WHAT THE TASK ASKS
Write out the records that follow exactly. Do not include pictures.

DATA SHOWN
◇ ◇ ◇ ◇ ◇
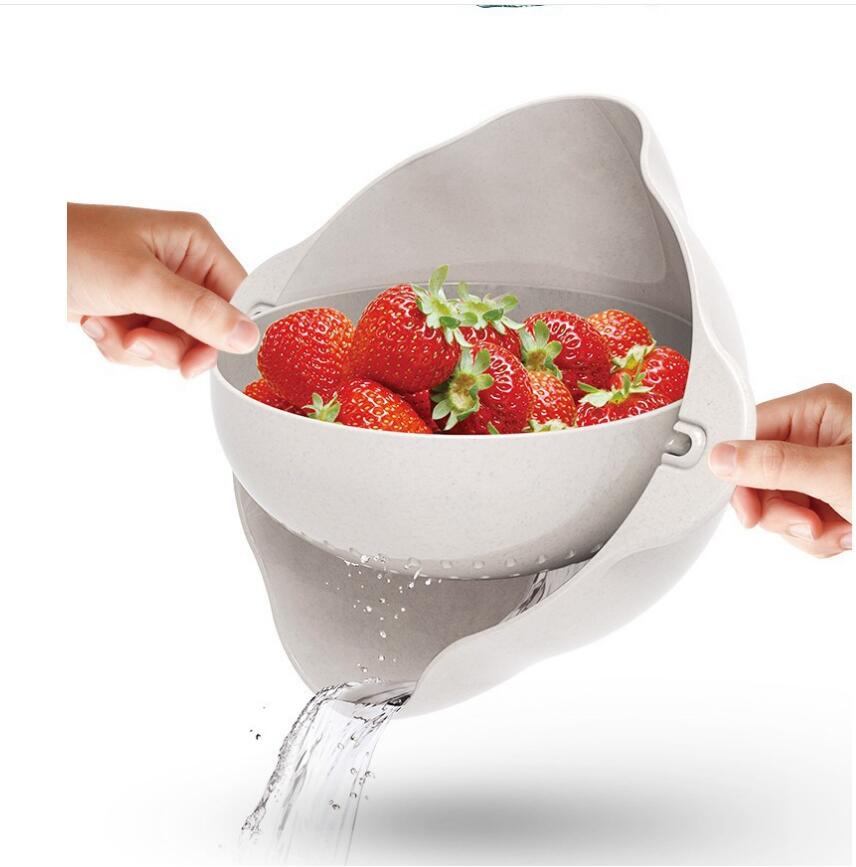 Double-Layer Fruit and Vegetable Storage Basket
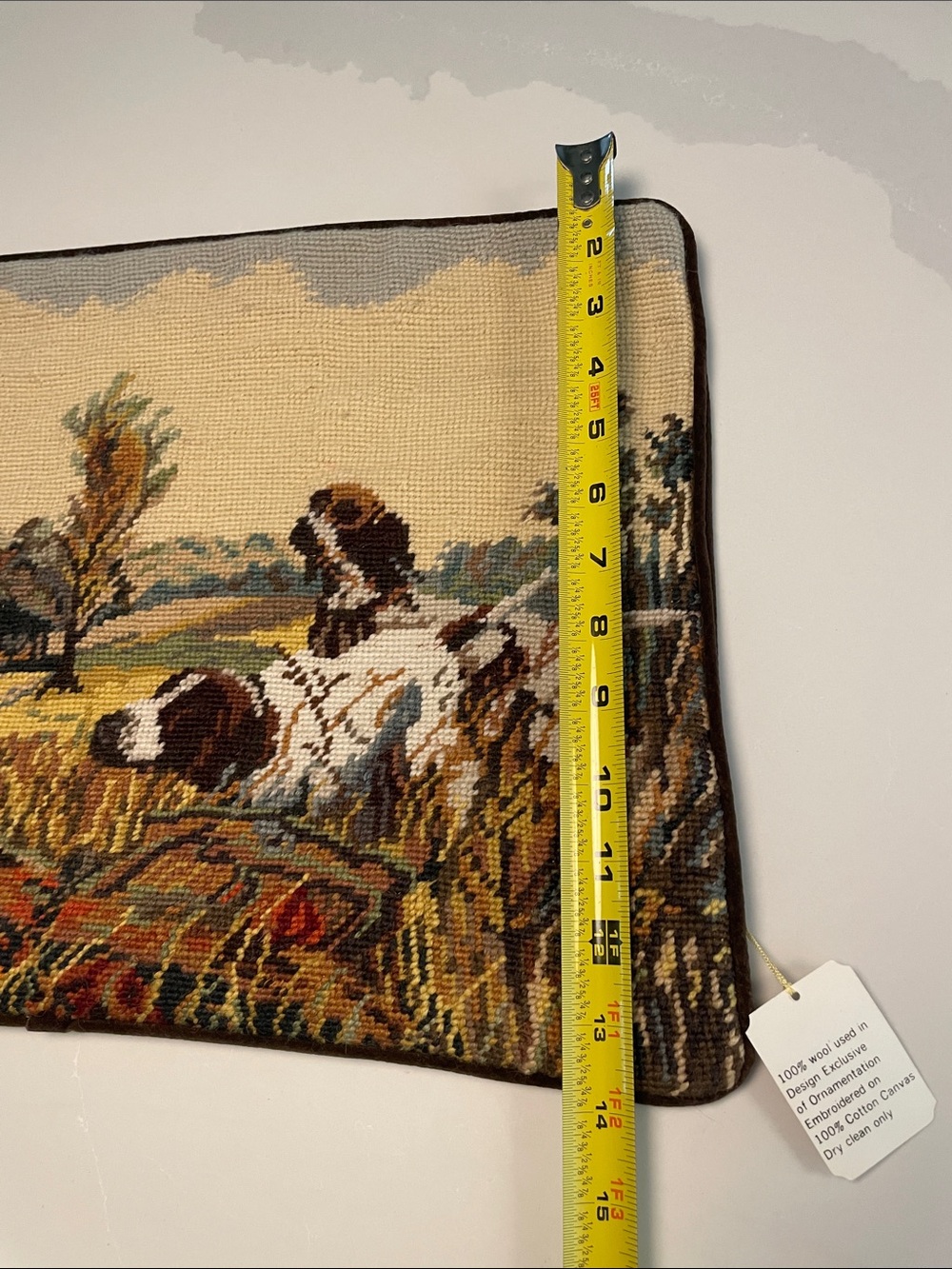 Needlepoint Hunting Scene Pillow Cover — Dogs in Field, Tan & Brown - Picture 7 of 9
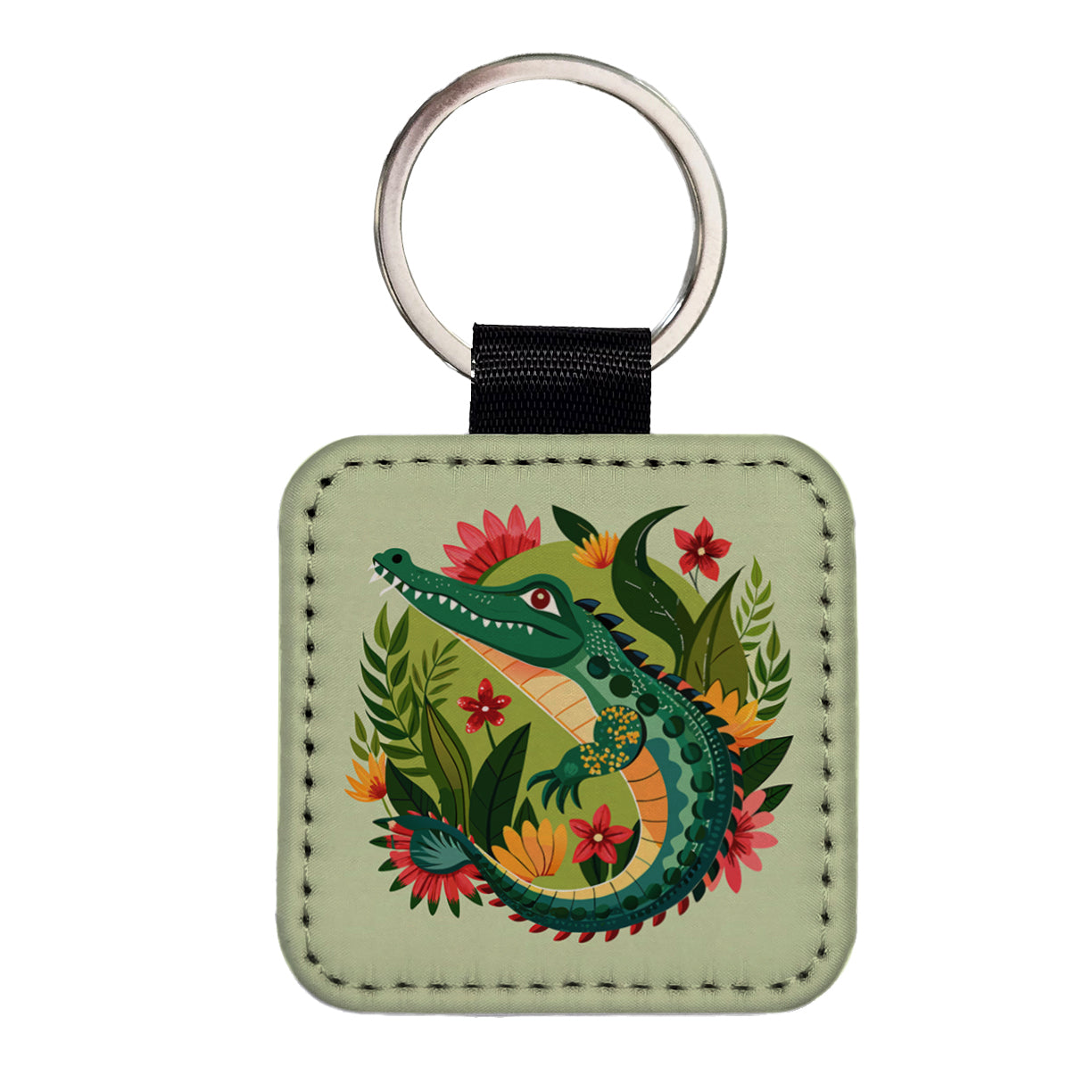 Alligator Floral Flowers Square Faux Leather Keychain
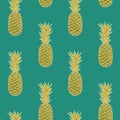 Seamless pineapple pattern on green background. Arranged vertically.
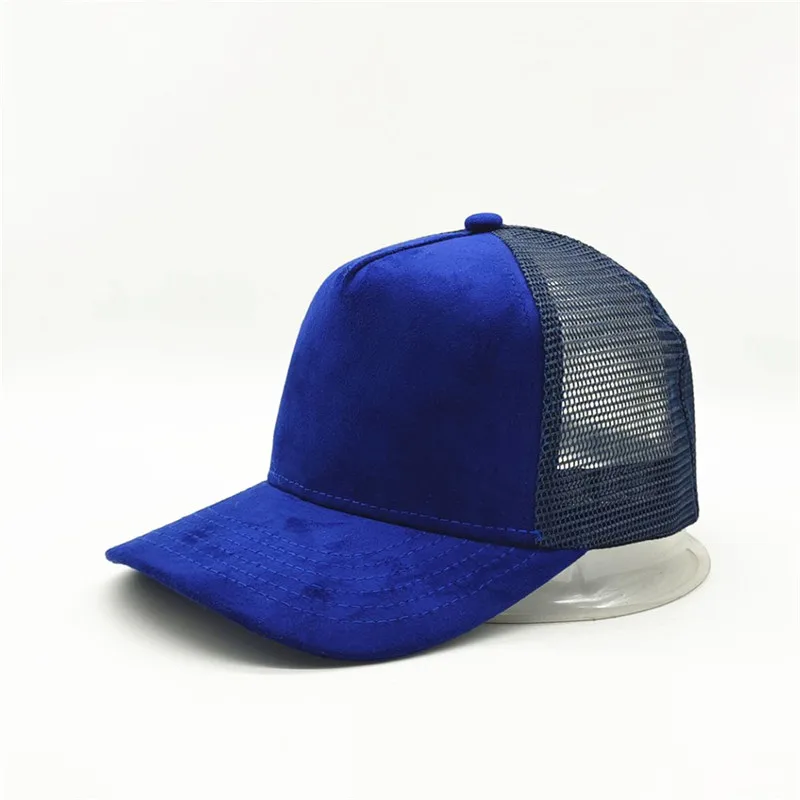 Unisex 5 Panel Mesh Suede Trucker Hat Custom Print Logo Men Baseball Cap Spring Summer Breathable Sports Hats Women Gorros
◇ ◇ ◇ ◇ ◇
RESPONSE TO THIS EXERCISE
 Double-Layer Fruit and Vegetable Storage Basket
 Needlepoint Hunting Scene Pillow Cover — Dogs in Field, Tan & Brown - Picture 7 of 9
 Alligator Floral Flowers Square Faux Leather Keychain
 Seamless pineapple pattern on green background. Arranged vertically.
 Unisex 5 Panel Mesh Suede Trucker Hat Custom Print Logo Men Baseball Cap Spring Summer Breathable Sports Hats Women Gorros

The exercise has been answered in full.